* **Task objective**: Return verbatim all lines from the first one in the records to the line with "Liebeskind Berlin LT-0468-MC", both ends kept.

* * * * * * * * *

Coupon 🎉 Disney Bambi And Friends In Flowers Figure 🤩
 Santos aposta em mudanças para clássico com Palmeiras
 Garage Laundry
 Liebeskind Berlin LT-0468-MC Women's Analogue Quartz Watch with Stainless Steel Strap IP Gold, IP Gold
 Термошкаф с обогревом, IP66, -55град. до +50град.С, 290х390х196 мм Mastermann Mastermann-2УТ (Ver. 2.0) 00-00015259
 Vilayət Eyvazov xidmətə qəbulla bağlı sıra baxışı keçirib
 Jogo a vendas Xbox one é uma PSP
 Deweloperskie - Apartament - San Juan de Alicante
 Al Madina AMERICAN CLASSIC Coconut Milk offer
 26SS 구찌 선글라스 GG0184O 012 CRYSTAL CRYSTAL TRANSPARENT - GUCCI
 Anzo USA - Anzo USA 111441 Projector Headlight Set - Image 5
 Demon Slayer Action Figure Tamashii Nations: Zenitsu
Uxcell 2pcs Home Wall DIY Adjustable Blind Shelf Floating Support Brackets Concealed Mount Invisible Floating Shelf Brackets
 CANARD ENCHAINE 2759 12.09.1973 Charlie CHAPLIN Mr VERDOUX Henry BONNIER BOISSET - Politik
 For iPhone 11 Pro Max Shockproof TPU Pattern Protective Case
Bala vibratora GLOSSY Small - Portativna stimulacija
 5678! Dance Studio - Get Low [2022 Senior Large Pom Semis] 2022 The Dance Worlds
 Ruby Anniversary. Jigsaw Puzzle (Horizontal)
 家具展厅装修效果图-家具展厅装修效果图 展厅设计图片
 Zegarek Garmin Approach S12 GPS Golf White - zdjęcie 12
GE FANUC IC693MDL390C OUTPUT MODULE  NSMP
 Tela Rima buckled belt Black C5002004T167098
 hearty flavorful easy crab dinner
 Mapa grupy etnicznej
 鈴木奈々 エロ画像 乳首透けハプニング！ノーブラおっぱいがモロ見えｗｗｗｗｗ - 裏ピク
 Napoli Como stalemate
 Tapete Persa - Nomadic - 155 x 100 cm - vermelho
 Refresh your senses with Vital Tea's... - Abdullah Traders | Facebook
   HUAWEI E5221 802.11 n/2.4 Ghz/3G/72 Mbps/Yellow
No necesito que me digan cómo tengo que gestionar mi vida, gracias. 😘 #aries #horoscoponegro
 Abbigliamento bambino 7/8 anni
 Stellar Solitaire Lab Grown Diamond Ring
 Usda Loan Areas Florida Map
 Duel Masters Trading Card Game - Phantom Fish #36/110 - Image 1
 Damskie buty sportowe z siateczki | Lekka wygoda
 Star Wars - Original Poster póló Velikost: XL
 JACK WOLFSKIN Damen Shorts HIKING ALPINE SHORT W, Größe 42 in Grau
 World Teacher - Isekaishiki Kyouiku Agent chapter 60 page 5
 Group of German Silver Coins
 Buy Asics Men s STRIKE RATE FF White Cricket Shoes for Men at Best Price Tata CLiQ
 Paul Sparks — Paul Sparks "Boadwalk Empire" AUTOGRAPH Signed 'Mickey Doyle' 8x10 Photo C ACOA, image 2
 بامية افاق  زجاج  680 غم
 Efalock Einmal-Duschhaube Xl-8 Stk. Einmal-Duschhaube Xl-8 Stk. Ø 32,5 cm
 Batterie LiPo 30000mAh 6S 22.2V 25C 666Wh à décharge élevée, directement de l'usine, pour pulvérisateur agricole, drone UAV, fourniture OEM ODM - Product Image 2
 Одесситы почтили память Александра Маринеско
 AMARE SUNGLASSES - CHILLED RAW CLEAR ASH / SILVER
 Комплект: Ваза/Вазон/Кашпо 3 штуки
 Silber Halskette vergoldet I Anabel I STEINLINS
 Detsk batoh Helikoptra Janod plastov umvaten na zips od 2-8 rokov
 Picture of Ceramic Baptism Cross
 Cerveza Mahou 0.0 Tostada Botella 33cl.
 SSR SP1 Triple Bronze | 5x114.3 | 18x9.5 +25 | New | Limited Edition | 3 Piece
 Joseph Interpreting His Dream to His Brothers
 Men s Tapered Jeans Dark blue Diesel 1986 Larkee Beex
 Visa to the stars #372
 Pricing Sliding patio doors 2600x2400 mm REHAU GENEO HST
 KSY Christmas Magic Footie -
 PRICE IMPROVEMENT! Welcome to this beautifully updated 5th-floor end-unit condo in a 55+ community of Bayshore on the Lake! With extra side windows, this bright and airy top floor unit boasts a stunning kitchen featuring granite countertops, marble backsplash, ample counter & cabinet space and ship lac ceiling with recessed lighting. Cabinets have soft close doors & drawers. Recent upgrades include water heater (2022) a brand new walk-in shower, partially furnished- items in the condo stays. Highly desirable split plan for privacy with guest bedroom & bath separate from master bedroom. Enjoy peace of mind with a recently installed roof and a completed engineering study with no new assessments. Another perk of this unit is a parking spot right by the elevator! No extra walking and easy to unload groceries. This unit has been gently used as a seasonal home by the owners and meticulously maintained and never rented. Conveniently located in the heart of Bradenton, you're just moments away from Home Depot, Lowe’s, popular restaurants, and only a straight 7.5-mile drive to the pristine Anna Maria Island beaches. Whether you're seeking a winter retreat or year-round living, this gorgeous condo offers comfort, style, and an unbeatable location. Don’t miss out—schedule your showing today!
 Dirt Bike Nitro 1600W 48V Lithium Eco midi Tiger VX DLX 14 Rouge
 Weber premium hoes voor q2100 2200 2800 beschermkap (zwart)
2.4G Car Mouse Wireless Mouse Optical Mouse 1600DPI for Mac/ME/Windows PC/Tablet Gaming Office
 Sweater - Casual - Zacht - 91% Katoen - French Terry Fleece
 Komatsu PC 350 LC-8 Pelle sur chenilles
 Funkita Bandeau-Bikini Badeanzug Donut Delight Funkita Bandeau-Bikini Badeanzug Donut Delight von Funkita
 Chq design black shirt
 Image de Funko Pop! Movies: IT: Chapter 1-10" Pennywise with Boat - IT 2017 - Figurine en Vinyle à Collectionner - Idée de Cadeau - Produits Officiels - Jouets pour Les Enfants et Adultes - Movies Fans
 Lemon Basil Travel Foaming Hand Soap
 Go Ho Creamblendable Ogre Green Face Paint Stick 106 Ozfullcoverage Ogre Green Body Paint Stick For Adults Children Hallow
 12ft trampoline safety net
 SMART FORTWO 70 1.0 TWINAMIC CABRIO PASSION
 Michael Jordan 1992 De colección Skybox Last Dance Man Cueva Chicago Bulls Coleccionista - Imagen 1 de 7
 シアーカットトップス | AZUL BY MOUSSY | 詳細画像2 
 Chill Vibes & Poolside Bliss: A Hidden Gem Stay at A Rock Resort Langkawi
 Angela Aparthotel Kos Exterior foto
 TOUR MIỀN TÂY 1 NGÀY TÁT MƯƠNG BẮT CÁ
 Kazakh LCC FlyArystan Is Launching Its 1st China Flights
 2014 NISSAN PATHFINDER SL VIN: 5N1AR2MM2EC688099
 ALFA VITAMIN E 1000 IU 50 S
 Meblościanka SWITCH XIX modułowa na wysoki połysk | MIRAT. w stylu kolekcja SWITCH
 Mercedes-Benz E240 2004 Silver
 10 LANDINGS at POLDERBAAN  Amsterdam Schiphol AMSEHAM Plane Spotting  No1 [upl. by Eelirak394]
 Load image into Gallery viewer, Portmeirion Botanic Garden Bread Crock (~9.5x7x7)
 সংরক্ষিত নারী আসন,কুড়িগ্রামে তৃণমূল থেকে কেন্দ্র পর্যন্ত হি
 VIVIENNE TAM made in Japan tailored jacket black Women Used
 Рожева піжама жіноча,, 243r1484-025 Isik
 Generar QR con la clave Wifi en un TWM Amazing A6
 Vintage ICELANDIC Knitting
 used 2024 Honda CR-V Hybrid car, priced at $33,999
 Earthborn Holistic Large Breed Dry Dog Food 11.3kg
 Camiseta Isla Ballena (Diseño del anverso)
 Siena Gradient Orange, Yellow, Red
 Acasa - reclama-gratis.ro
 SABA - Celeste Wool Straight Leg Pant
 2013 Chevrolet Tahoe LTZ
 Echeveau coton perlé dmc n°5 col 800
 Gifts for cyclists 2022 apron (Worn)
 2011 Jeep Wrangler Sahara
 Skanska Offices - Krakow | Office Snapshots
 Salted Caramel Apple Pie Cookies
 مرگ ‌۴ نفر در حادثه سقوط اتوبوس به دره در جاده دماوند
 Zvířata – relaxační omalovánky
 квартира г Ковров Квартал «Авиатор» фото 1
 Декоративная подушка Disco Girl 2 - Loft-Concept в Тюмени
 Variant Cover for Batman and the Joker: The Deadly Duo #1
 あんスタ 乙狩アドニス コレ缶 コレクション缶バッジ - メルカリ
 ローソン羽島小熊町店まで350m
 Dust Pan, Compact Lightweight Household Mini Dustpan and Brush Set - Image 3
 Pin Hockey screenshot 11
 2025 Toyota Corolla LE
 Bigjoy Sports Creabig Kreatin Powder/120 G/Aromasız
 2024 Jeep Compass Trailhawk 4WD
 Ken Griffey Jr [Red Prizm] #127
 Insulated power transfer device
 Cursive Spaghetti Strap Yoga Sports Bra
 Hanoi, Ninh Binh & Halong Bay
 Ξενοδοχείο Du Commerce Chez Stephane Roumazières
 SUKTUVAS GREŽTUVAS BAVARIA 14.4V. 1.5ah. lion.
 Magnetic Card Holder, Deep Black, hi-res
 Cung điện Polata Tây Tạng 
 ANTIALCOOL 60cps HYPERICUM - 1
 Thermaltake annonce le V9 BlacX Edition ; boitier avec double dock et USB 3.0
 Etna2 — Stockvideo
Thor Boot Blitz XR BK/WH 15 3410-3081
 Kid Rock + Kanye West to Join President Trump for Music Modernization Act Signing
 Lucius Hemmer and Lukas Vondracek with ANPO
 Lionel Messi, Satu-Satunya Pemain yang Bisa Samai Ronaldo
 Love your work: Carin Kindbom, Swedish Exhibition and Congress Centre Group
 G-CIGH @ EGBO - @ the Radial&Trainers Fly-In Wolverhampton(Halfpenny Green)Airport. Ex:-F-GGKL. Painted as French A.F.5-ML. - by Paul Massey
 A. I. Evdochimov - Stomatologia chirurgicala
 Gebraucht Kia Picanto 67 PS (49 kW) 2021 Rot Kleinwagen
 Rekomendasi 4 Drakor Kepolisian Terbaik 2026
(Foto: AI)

* * * * * * * * *

* **Response**:
Coupon 🎉 Disney Bambi And Friends In Flowers Figure 🤩
 Santos aposta em mudanças para clássico com Palmeiras
 Garage Laundry
 Liebeskind Berlin LT-0468-MC Women's Analogue Quartz Watch with Stainless Steel Strap IP Gold, IP Gold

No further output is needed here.